The increasing resistance of bacteria to antibiotics, particularly beta‐lactam antibiotics, is of considerable public health concern. For example, bacteria such as MRSE and MRSA are characterized by their resistance to methicillin/penicillin and also to multiple synthetic versions of this drug. Other bacteria, such as VRE, Acinetobacter baumannii and Klebsiella pneumoniae have become resistant to almost all approved antibiotics. Our present studies demonstrated that sorafenib suppressed the growth of multiple pan‐antibiotic resistant bacteria in a dose‐dependent fashion and caused these bacteria to become sensitive again to formerly standard of care antibiotic drugs. Based on our data in multiple bla _kpc antibiotic resistant Klebsiella pneumoniae strains, we suggest that sorafenib, in combination with ampicillin and gentamicin, be explored as a therapy for human Klebsiella pneumoniae infections. As sorafenib, unlike the chemical OSU‐03012, is a well‐characterized FDA approved drug with a known toxicity profile, and at 400 mg BID is generally well tolerated particularly when combined with 200 mg BID of Celebrex thus with minimal hand‐foot reaction for ∼7–14 days, our data argue that for hospitalized patients with other pan‐antibiotic resistant bacteria, a combination of this cancer therapeutic drug with an anti‐inflammatory drug and a mixture of prior standard of care efficacious antibiotics may be a useful novel therapeutic approach.

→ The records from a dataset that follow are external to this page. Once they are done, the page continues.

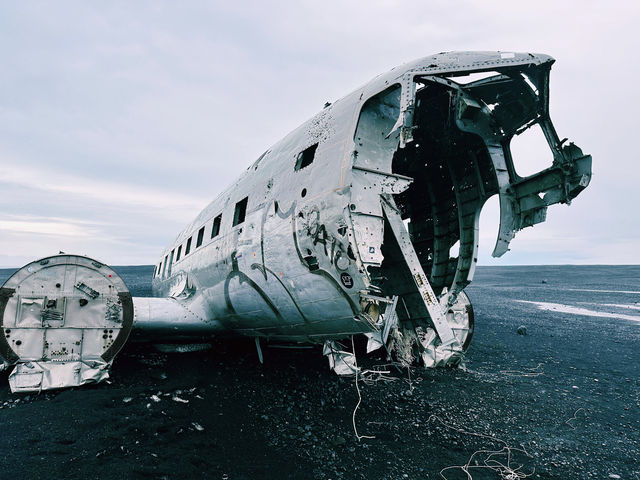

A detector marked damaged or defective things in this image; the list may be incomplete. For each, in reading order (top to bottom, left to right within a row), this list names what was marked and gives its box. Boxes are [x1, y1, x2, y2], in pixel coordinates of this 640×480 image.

crashed airplane wreck [0, 51, 592, 390]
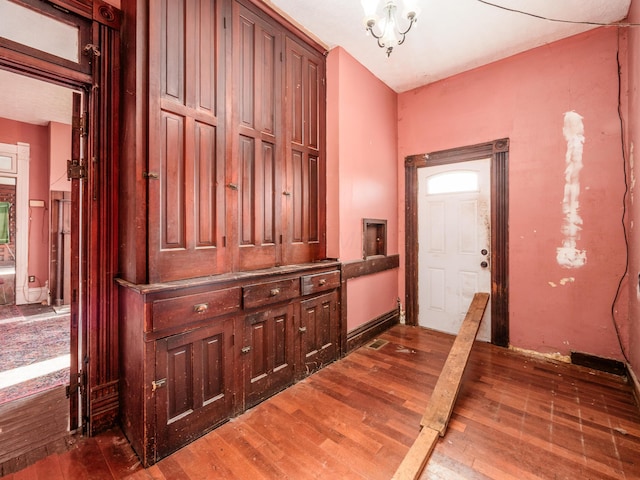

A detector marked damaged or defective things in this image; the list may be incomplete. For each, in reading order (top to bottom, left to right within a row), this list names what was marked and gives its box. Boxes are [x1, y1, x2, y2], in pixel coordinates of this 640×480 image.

peeling paint [556, 113, 588, 270]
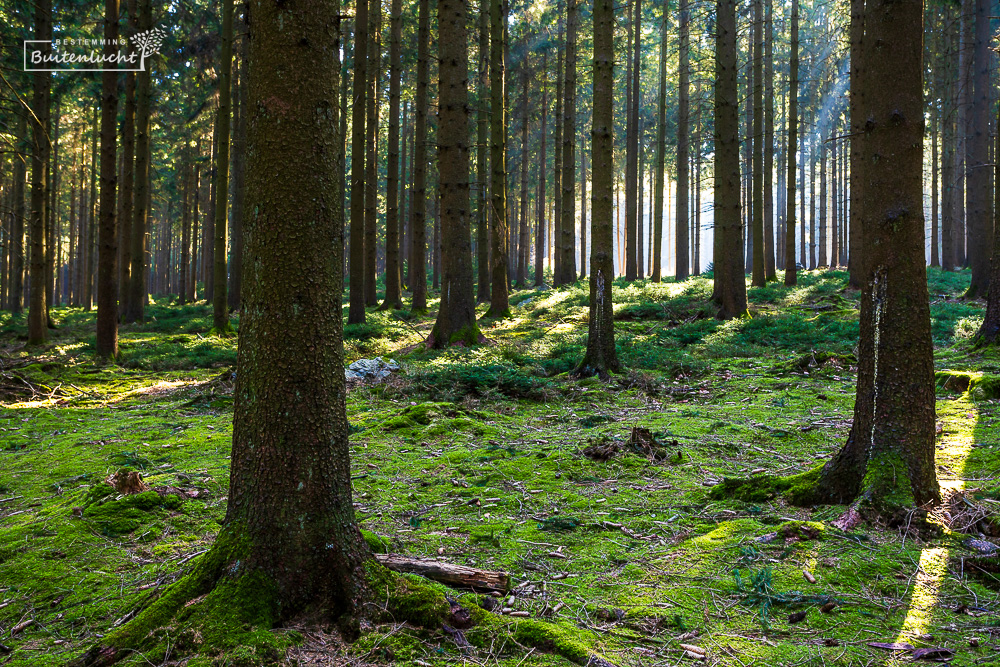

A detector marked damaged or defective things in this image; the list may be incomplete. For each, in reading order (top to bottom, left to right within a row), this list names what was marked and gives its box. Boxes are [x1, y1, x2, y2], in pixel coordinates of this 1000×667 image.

splintered wood piece [378, 552, 512, 596]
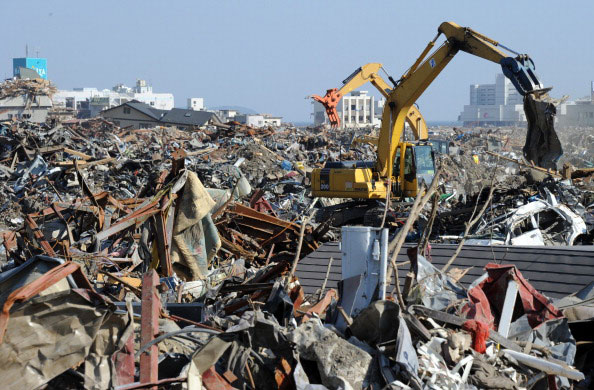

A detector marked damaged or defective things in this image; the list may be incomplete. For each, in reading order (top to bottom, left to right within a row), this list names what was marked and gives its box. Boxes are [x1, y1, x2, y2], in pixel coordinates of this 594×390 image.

rusted metal [0, 260, 91, 342]
rusted metal [138, 270, 158, 388]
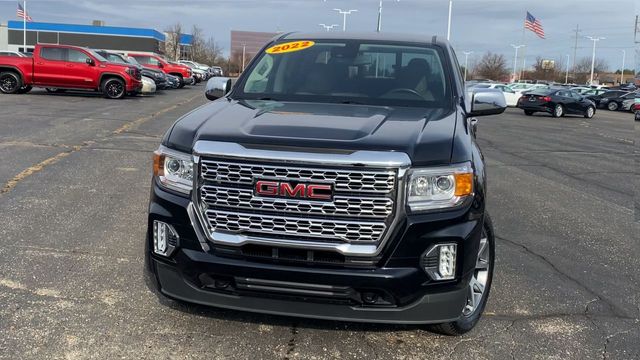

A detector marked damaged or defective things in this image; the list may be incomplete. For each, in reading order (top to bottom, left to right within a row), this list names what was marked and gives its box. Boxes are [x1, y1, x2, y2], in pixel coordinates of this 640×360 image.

pavement crack [498, 235, 628, 320]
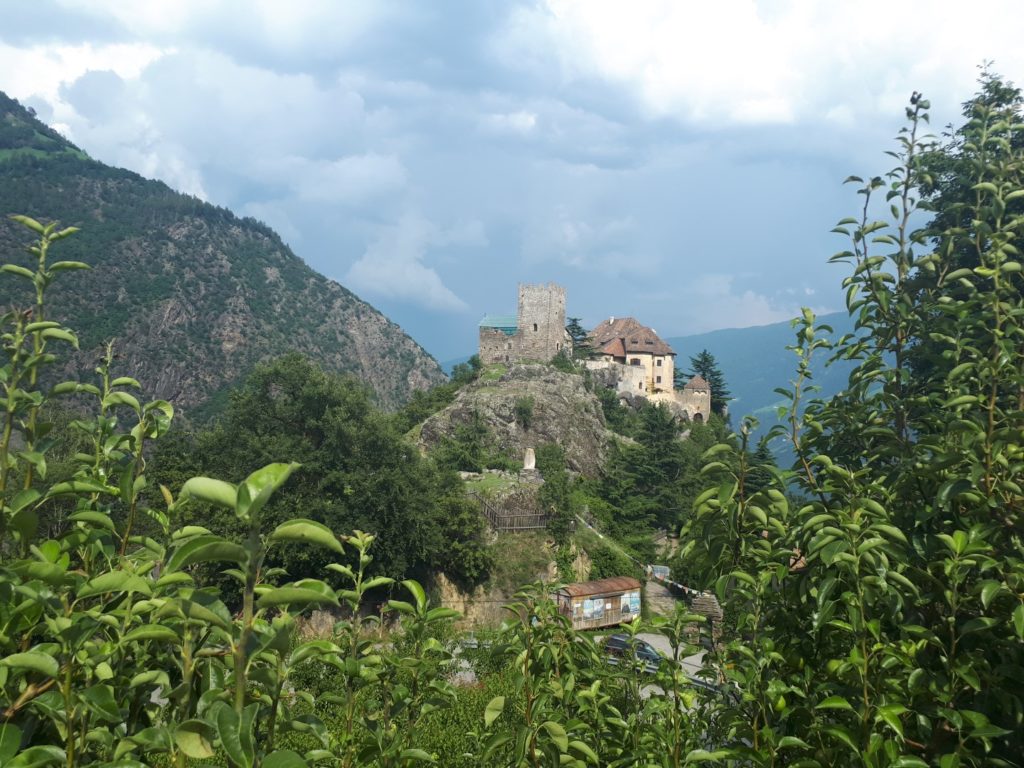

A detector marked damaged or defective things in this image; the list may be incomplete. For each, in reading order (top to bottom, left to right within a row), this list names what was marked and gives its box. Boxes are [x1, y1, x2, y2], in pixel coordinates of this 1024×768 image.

rusty corrugated roof [557, 577, 634, 602]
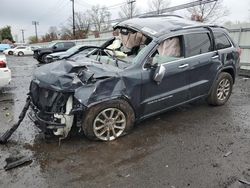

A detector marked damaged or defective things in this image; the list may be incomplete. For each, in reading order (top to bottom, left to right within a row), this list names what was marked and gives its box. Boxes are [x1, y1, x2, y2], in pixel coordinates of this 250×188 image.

In conclusion, we have targeted the chaperone GRP78/Dna K in eukaryotic and prokaryotic cells by use of the drugs pazopanib, sorafenib, and regorafenib. In eukaryotic cells loss of GRP78 suppresses virus infection and replication. In prokaryotes the drugs inhibit Dna K which results in significantly reduced bacterial growth and a resensitization of antibiotic resistant bacteria to their former standard of care antibiotics. It will be interesting in the coming years whether the owners of these drugs, Bayer and Novartis, decide to exploit these unexpected properties of their approved anti‐cancer drugs for infectious disease applications.